Directions:
Your task is to reproduce, verbatim and without pictures, the lines from the opening of the listing through the line containing "Dough with flour".

-- Data excerpt follows --

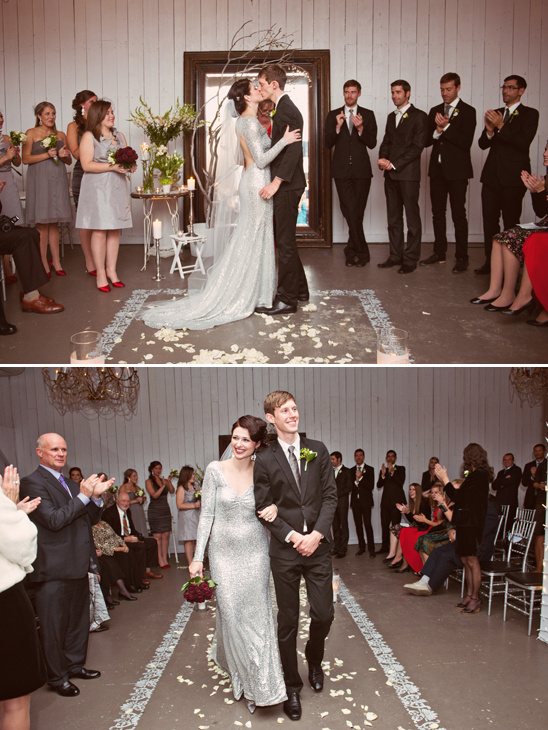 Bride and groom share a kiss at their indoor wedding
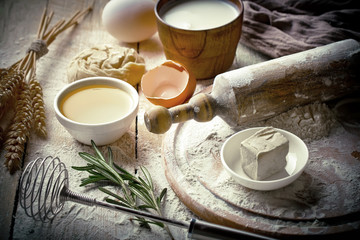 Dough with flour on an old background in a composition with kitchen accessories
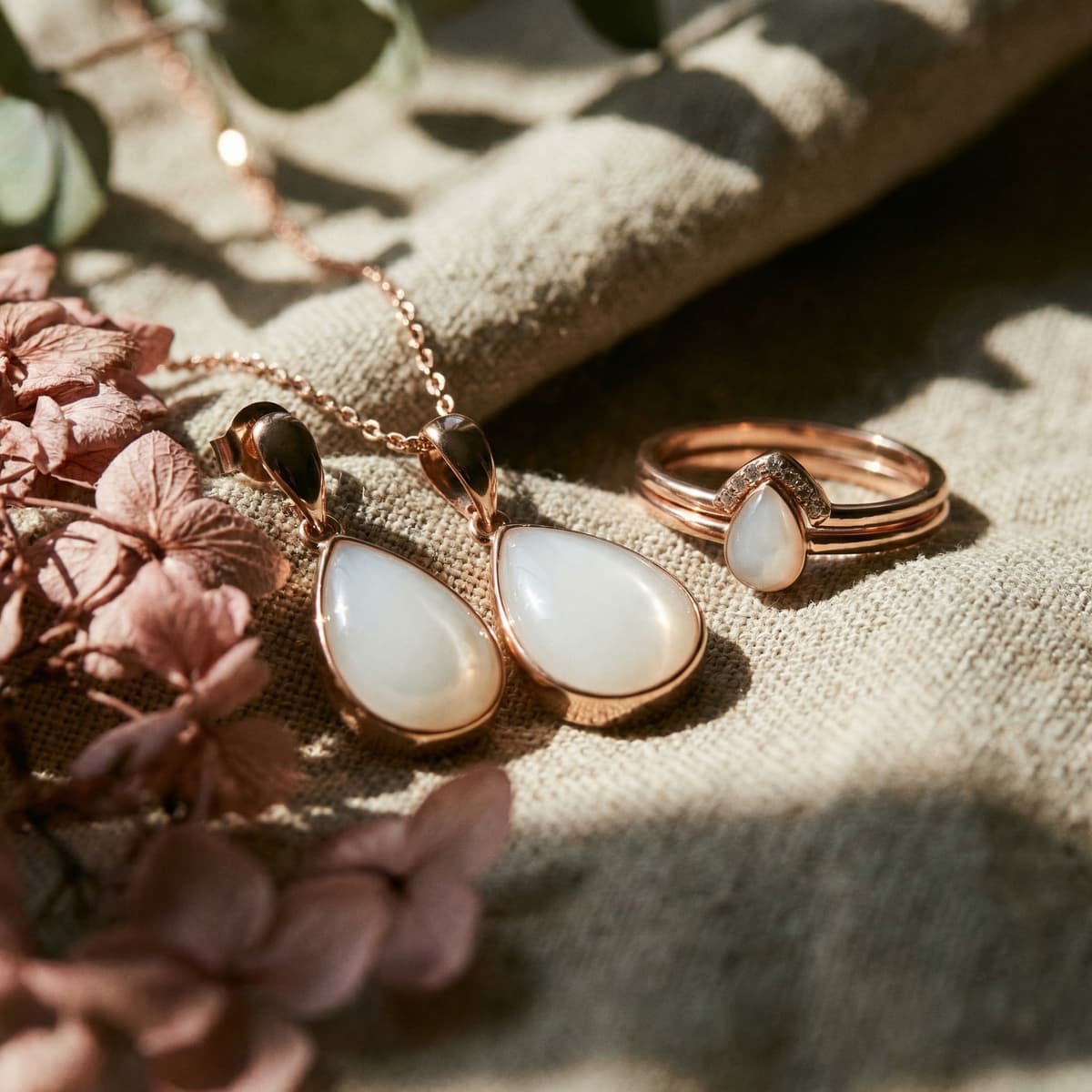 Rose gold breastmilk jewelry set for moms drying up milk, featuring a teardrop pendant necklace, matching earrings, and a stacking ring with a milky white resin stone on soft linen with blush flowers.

-- Data excerpt concluded --

Worked solution:
 Bride and groom share a kiss at their indoor wedding
 Dough with flour on an old background in a composition with kitchen accessories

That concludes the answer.